▶ **PROBLEM DETAILS**
Count up the lines below containing the word "white", and give the result with no other words.

*** DATA EXTRACTS ***

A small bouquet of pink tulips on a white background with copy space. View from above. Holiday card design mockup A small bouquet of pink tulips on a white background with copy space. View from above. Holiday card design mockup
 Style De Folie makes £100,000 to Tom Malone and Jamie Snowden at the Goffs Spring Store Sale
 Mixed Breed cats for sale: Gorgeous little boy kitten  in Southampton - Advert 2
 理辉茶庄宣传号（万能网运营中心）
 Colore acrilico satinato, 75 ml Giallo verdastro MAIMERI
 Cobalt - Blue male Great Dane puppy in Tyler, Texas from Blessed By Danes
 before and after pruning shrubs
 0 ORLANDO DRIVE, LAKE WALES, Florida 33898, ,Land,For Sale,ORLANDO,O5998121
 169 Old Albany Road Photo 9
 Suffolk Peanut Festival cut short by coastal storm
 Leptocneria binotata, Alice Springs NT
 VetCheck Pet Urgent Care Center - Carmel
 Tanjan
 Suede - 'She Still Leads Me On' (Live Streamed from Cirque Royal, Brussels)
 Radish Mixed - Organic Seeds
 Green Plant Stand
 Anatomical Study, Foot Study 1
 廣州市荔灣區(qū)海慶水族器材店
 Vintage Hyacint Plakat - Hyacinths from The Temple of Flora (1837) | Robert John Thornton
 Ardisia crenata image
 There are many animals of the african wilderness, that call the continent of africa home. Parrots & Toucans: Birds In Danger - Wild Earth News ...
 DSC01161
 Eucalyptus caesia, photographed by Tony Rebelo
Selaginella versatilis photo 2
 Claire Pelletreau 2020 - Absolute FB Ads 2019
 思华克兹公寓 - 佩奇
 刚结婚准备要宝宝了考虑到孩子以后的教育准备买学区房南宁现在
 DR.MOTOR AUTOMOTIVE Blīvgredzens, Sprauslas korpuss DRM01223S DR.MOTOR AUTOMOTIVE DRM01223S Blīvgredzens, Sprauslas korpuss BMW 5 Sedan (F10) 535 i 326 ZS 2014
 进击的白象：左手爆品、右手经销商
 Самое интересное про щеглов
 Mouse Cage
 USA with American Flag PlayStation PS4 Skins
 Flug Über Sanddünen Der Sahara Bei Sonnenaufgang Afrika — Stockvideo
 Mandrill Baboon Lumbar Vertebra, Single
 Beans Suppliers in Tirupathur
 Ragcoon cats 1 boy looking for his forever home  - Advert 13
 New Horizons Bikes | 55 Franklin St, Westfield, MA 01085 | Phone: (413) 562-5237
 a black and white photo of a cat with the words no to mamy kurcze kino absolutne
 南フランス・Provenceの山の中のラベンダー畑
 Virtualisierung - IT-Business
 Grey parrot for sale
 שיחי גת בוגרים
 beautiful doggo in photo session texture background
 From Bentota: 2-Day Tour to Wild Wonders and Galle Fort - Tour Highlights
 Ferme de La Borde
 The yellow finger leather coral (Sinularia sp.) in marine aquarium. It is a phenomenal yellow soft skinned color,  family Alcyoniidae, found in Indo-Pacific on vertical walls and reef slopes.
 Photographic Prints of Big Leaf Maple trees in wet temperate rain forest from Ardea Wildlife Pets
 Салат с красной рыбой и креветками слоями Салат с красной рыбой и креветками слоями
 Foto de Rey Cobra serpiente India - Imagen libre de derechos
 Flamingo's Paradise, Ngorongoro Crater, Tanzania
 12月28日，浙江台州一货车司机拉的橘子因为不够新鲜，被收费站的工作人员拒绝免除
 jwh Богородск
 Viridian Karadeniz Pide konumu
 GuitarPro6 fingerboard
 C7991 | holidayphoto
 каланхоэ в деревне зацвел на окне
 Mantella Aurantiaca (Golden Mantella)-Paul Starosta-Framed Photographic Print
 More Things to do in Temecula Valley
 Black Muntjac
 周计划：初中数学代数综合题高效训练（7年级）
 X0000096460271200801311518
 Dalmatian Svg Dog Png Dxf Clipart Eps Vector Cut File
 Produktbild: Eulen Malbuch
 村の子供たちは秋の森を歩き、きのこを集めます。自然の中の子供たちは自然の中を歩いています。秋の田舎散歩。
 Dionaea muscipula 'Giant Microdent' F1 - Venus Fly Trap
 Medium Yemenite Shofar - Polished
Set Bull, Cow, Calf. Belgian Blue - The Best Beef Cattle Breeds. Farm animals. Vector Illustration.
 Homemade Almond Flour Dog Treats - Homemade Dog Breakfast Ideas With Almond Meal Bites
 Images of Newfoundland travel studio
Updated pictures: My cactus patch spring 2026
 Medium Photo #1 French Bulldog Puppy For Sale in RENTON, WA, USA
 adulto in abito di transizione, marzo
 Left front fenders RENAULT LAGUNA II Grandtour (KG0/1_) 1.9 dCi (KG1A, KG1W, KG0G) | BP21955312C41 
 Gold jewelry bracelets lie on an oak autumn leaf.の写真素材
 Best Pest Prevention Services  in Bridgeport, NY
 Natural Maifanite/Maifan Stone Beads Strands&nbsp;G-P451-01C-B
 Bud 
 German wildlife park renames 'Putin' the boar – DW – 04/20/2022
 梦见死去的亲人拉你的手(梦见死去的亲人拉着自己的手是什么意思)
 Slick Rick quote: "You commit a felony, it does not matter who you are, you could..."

*** End of DATA EXTRACTS ***

▶ **ANSWER SECTION**
2